ECLI:NL:GHAMS:2020:992

Gerechtshof Amsterdam

Datum uitspraak
16 maart 2020
Publicatiedatum
31 maart 2020
Zaaknummer
23-002324-19
Instantie
Gerechtshof Amsterdam
Type
Uitspraak
Rechtsgebied
Strafrecht
Procedures
  • Hoger beroep
Vindplaatsen
  • Rechtspraak.nl
AI samenvatting door LexboostAutomatisch gegenereerd

Hoger beroep niet-ontvankelijk verklaring in strafzaak

In deze zaak heeft het gerechtshof Amsterdam op 16 maart 2020 uitspraak gedaan in hoger beroep tegen een vonnis van de politierechter in de rechtbank Noord-Holland, dat op 5 juni 2019 was gewezen. De verdachte, geboren in 1980, had hoger beroep ingesteld, maar op 16 maart 2020 om 9:36 uur heeft de raadsman van de verdachte per e-mail medegedeeld dat het hoger beroep wordt ingetrokken. Het hof heeft echter vastgesteld dat de zaak reeds een aanvang had genomen op 17 oktober 2019 tijdens een rolzitting. Hierdoor kon het verzoek tot intrekking van het hoger beroep niet worden ingewilligd. Het hof oordeelde dat er geen rechtens te respecteren belang was dat een verder onderzoek van de zaak rechtvaardigde. Daarom werd de verdachte niet-ontvankelijk verklaard in het ingestelde hoger beroep, conform artikel 416, tweede lid, van het Wetboek van Strafvordering.

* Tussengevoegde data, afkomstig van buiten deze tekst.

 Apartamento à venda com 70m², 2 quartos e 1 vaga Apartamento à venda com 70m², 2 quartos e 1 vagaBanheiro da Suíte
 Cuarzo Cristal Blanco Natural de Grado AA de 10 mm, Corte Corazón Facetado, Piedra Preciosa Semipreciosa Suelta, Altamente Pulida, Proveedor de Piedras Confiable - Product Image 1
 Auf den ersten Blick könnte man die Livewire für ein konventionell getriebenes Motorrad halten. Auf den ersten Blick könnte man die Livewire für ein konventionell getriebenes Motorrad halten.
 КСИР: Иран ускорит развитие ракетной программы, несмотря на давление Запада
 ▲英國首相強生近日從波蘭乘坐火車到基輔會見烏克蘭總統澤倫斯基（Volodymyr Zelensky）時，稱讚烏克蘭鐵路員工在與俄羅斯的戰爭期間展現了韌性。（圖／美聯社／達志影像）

De beslissing van het hof werd genomen door de meervoudige strafkamer, bestaande uit drie rechters, en is uitgesproken tijdens de openbare terechtzitting op dezelfde datum. De voorzitter en de jongste raadsheer waren echter buiten staat om het arrest mede te ondertekenen. Dit arrest benadrukt het belang van de ontvankelijkheid in hoger beroep en de procedurele vereisten die daarbij komen kijken.

Uitspraak

afdeling strafrecht
parketnummer: 23-002324-19
datum uitspraak: 16 maart 2020
VERSTEK
Arrest van het gerechtshof Amsterdam gewezen op het hoger beroep, ingesteld tegen het vonnis van de politierechter in de rechtbank Noord-Holland van 5 juni 2019 in de strafzaak onder parketnummer
15-044944-19 tegen:
[verbalisant],
geboren te [geboorteplaats] op [geboortedag] 1980,
adres: [adres].

Onderzoek ter terechtzitting

Dit arrest is gewezen naar aanleiding van het onderzoek ter terechtzitting in hoger beroep van 16 maart 2020.
Het hof heeft kennisgenomen van de vordering van de advocaat-generaal.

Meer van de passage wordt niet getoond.